"Tawuran" Salah Satu Cara Warga Toraja Bersilaturahmi

Warga Toraja punya caranya sendiri utuk melampiaskan kegembiraan, yaitu dengan "tawuran".

SHARE :

Ditulis Oleh: Shabara Wicaksono

Aksi Van Damme di sebuah film Kick Boxer sungguh luar biasa. Setelah film ini, karirnya melejit begitu cepat.

Aku bukan penggemar film martial art. Bukan pula penggemar Van Damme. Aku hanya seorang penggemar film. Film penuh pesan perjuangan.

Kick boxing berasal dari negeri gajah putih, Thailand. Di sana kick boxing dikenal dengan nama Muaythai atau Thai Boxing. Olahraga ini berkembang sejak hampir 1000 tahun yang lalu dan telah menjadi olahraga nasional bangsa Thailand.

Thai boxing sendiri memiliki sejarah yang panjang di Thailand, militer Thailand menggunakan bentuk modifikasi dari Thai Boxing yang disebut Lerdrit.

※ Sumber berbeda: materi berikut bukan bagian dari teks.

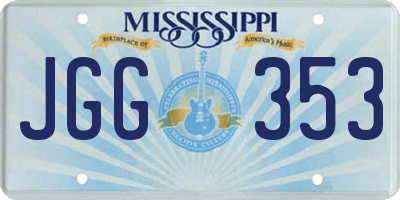 MS license plate JGG353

Thai Boxing tradisional, seperti yang diajarkan sekarang, sedikit berbeda dari aslinya, menggunakan tendangan dan tinju dalam sebuah arena dan menggunakan sarung tinju seperti yang digunakan pada tinju di negara barat.

Sekarang semua orang di Thailand sangat akrab dengan olahraga Muaythai ini sejak masih anak-anak. Bahkan tiap desa sering melakukan kejuaraan-kejuaraan untuk mempunyai juara-juara yang tangguh.

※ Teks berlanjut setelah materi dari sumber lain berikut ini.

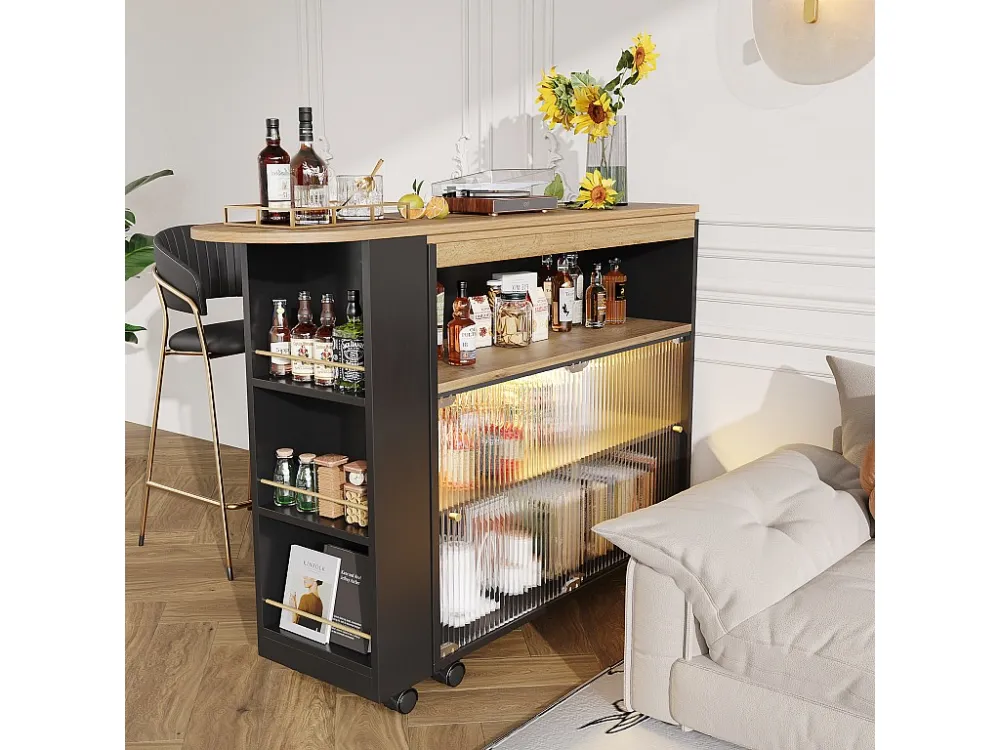 Dressoir、Draaibare en uitschuifbare barkast met LED - vakken en kruidenrek - Zwart ModernLuxe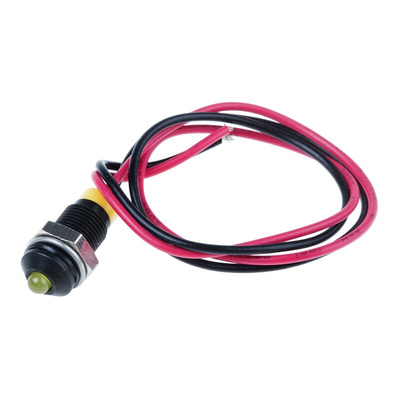 RS PRO Yellow Panel Mount Indicator, 2V dc, 6mm Mounting Hole Size, Lead Wires Termination, IP67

Beladiri serupa ternyata juga terdapat di tanah air, meski dengan maksud dan tujuan berbeda. Di Toraja, ada sebuah tradisi unik bernama Sisemba.

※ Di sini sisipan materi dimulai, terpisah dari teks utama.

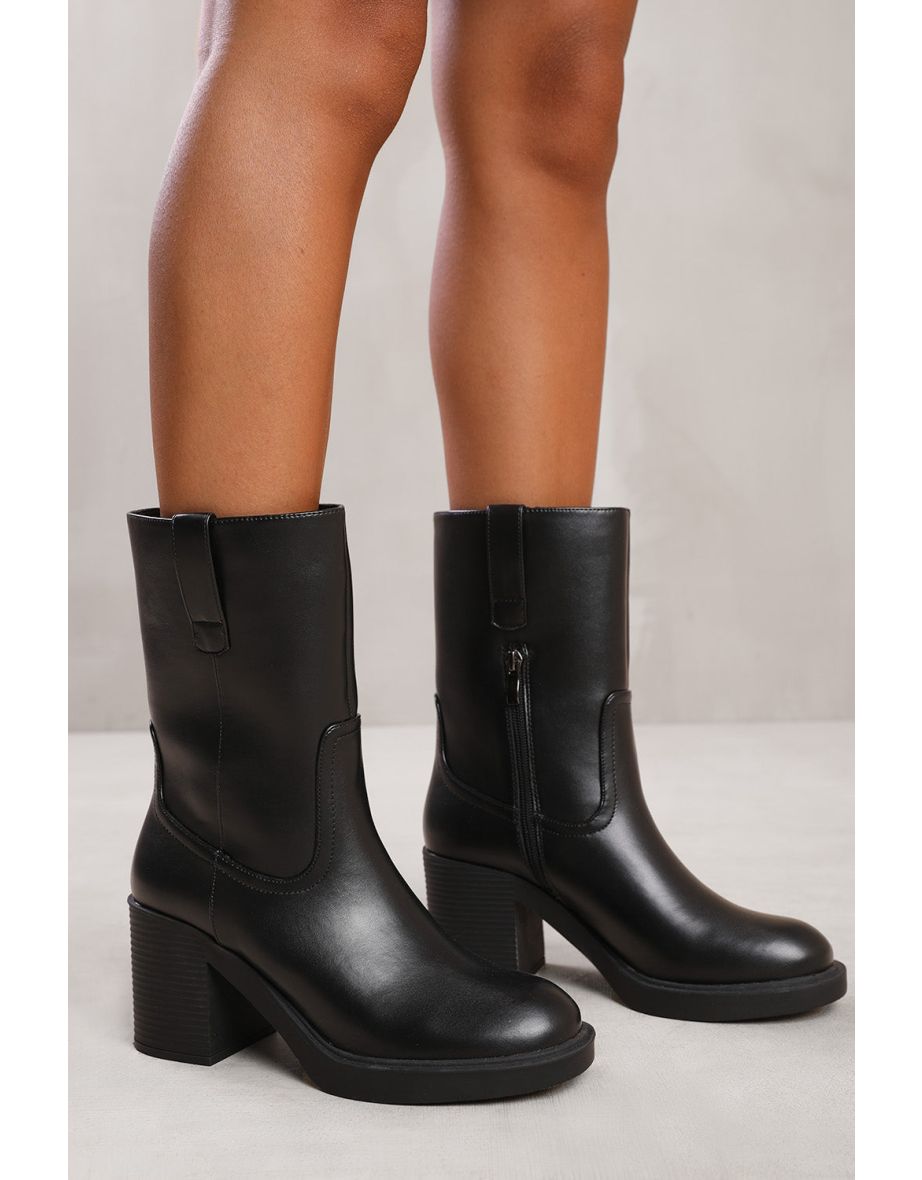 CHERISH MID CALF BOOT WITH SIDE ZIP IN BLACK FAUX LEATHER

Tiap tahun, warga Kande Api menggelar tradisi pesta panen dengan membawa berbagai macam makanan khas seperti nasi bambu atau peong.

Diiringi dengan tari Ma’gallu, serta Ma’ lambuk atau menumbuk padi secara beramai-ramai para petanipun berpesta.

Aku suka cara mereka bersenang-senang.

Seorang pemuka adat memberi wejangan adat atau Ma’parappa yang berisi pesan pesan leluhur tentang aturan bertani. Warga yang memadati lokasi pesta panen, disuguhkan tarian Ma’gallu yang dibawakan oleh remaja putri.

Tarian ini bermakna sebagai ungkapan rasa syukur kepada Tuhan atas hasil panen yang berlimpah. Warga memberikan uang sawer sebagai tanda kegembiraan dan terima kasih.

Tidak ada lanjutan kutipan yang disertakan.